**Data supplied:**
====================

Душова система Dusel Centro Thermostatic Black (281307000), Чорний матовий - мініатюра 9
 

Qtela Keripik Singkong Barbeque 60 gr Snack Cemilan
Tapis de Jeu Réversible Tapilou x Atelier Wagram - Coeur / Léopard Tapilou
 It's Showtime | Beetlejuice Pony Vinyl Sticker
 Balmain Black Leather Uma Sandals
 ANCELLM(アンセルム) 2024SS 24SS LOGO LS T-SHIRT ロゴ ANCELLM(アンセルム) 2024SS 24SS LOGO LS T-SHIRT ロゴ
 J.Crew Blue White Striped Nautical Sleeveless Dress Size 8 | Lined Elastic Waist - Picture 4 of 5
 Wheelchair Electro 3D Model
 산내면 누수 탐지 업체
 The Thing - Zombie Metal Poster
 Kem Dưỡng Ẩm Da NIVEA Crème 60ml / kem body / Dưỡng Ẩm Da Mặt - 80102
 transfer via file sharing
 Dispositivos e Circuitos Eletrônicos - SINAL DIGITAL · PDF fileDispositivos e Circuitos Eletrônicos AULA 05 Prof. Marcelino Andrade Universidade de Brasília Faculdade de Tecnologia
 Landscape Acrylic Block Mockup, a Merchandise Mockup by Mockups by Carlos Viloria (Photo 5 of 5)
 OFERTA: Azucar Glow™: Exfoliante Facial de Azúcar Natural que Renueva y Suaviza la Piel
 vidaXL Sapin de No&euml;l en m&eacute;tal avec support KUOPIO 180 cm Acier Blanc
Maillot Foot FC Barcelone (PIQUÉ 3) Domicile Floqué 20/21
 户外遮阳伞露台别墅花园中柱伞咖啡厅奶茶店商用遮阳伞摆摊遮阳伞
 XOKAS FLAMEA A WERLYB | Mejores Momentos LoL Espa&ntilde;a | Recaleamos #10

====================

**How to complete this task:** What you give back must be the stretch above, starting at the line with "Tapis de Jeu" and ending at the line with "transfer via file sharing", copied exactly.

**Answer for the task:**
Tapis de Jeu Réversible Tapilou x Atelier Wagram - Coeur / Léopard Tapilou
 It's Showtime | Beetlejuice Pony Vinyl Sticker
 Balmain Black Leather Uma Sandals
 ANCELLM(アンセルム) 2024SS 24SS LOGO LS T-SHIRT ロゴ ANCELLM(アンセルム) 2024SS 24SS LOGO LS T-SHIRT ロゴ
 J.Crew Blue White Striped Nautical Sleeveless Dress Size 8 | Lined Elastic Waist - Picture 4 of 5
 Wheelchair Electro 3D Model
 산내면 누수 탐지 업체
 The Thing - Zombie Metal Poster
 Kem Dưỡng Ẩm Da NIVEA Crème 60ml / kem body / Dưỡng Ẩm Da Mặt - 80102
 transfer via file sharing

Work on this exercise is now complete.